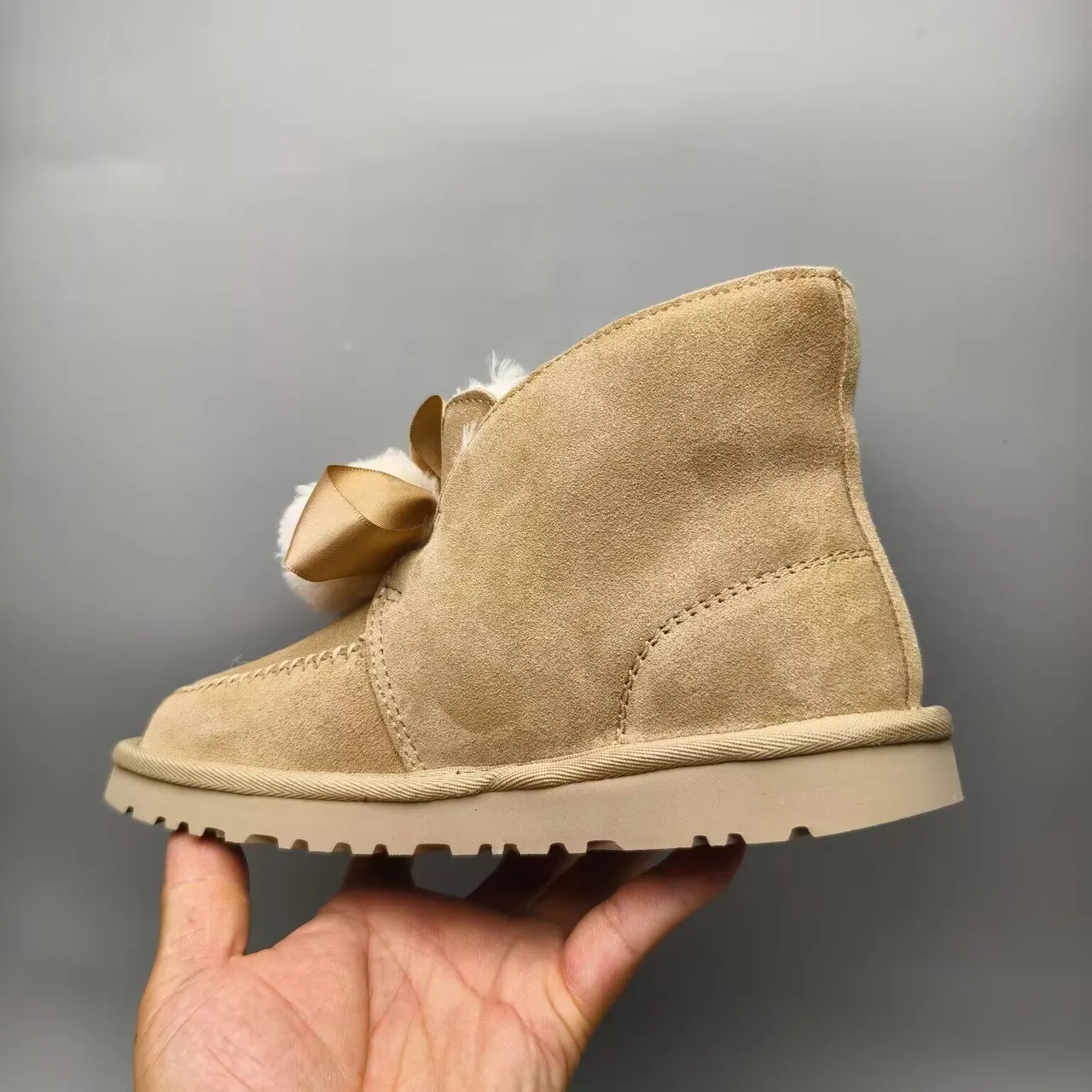 UGG Tasman বেইজ সুয়েড শিয়ারলিং-লাইন্ড পম-পম স্নো বুটস 2
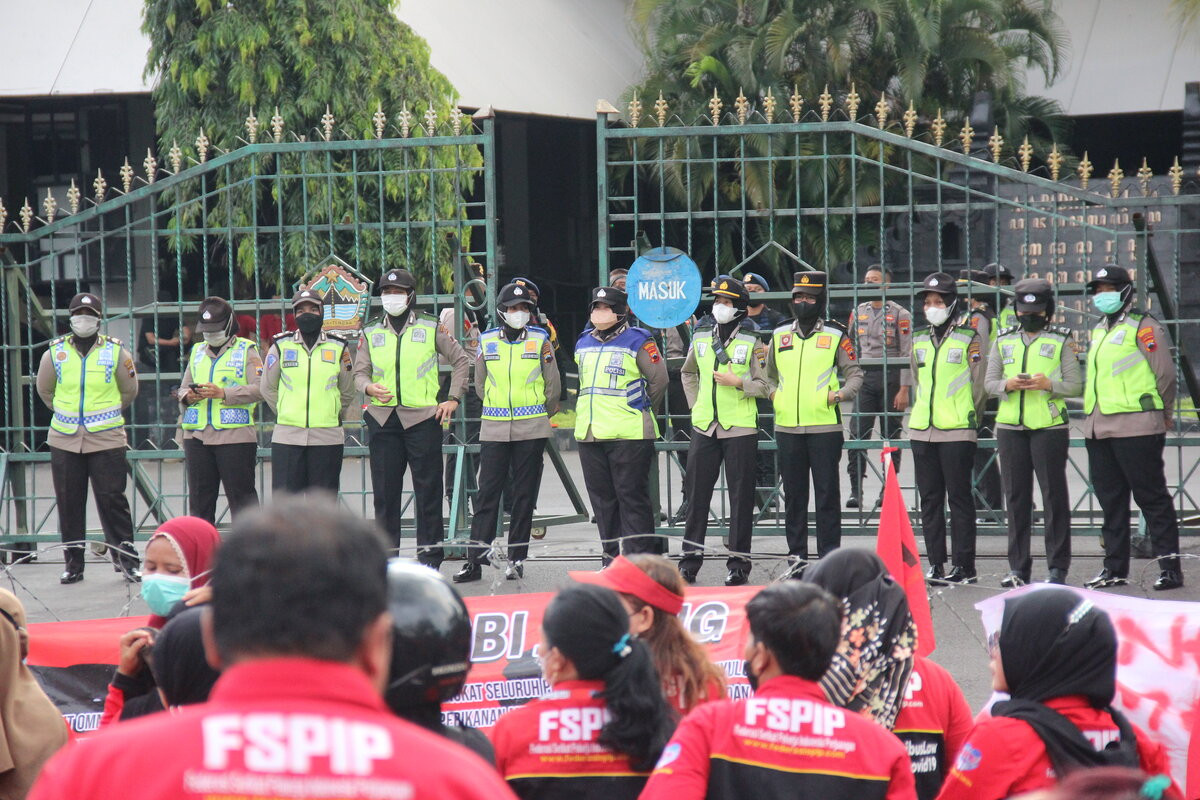 Hampir 5 Jam Massa Bertahan di Kantor Gubernur Jateng, Berakhir Menyesakkan - JPNN.com Jateng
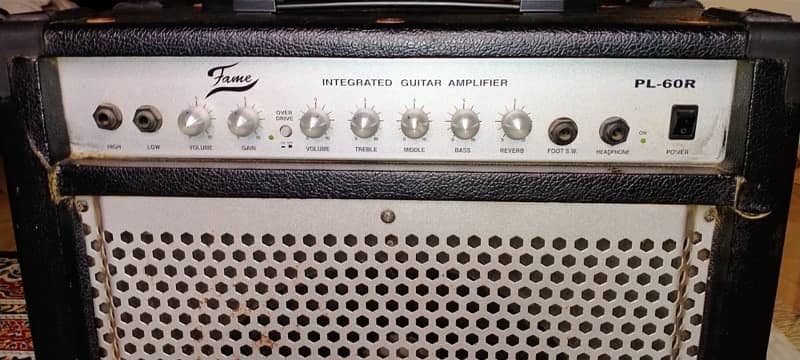 MEGA FAME GUITAR AMPLIFIER 1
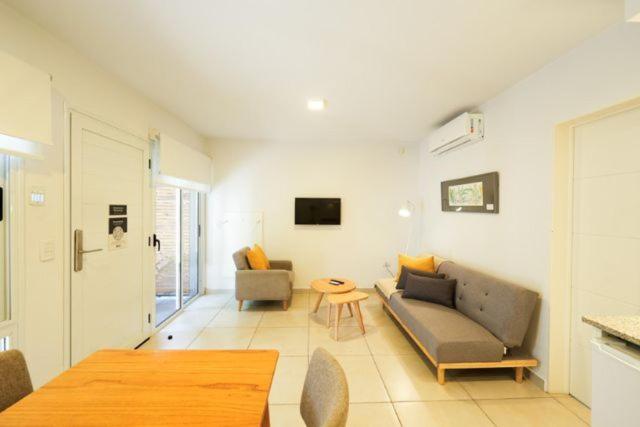 One-Bedroom Standard Apartment photo 3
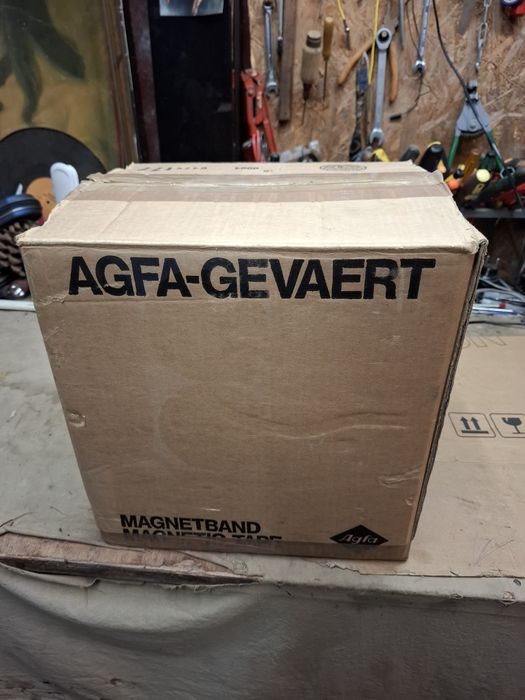 Продавт се метални ролки и ленти за ролков магнетофон на AGFA.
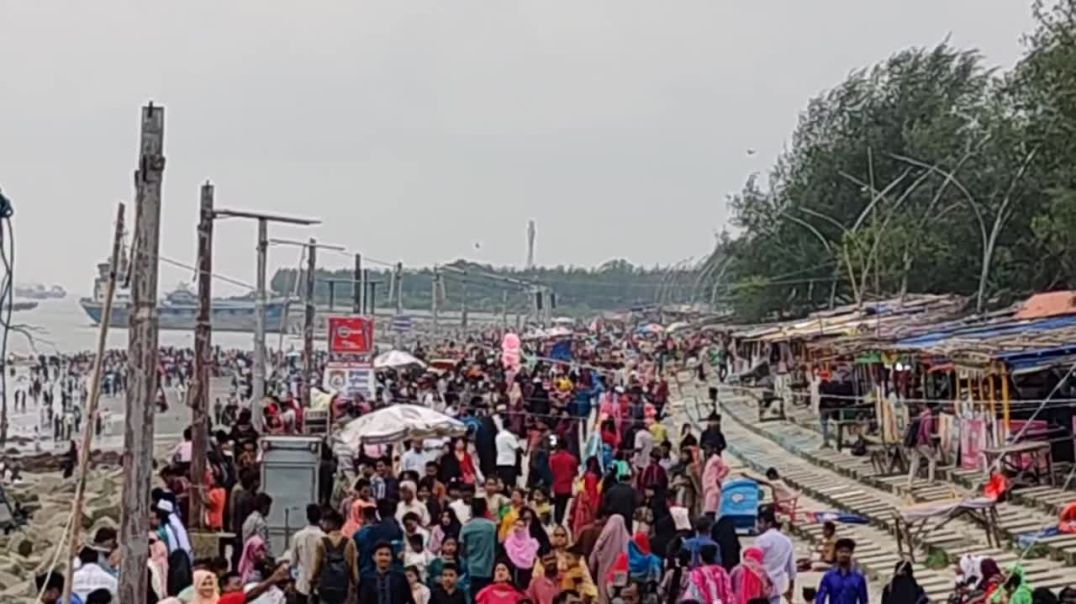 লোকে লোকারণ্য পতেঙ্গা সমুদ্র সৈকতে...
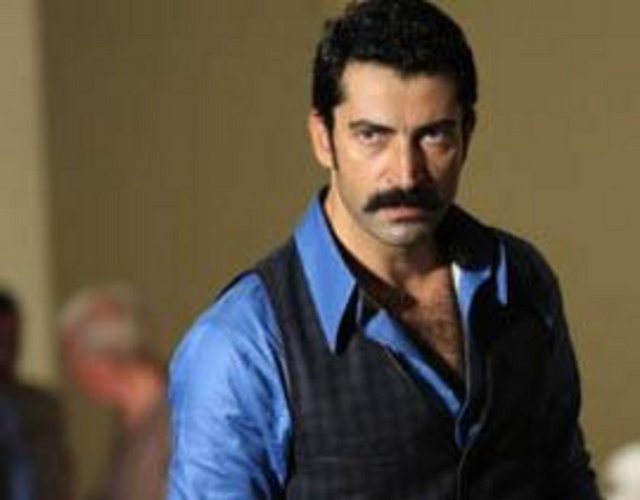 O ünlü Kenan İmirzalıoğlu'nun ta kendisi..  -  -  -  -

What needs to be done -> Quote the records in their entirety, keeping the wording exact and excluding pictures.

Solution to this exercise ->
 UGG Tasman বেইজ সুয়েড শিয়ারলিং-লাইন্ড পম-পম স্নো বুটস 2
 Hampir 5 Jam Massa Bertahan di Kantor Gubernur Jateng, Berakhir Menyesakkan - JPNN.com Jateng
 MEGA FAME GUITAR AMPLIFIER 1
 One-Bedroom Standard Apartment photo 3
 Продавт се метални ролки и ленти за ролков магнетофон на AGFA.
 লোকে লোকারণ্য পতেঙ্গা সমুদ্র সৈকতে...
 O ünlü Kenan İmirzalıoğlu'nun ta kendisi..  -  -  -  -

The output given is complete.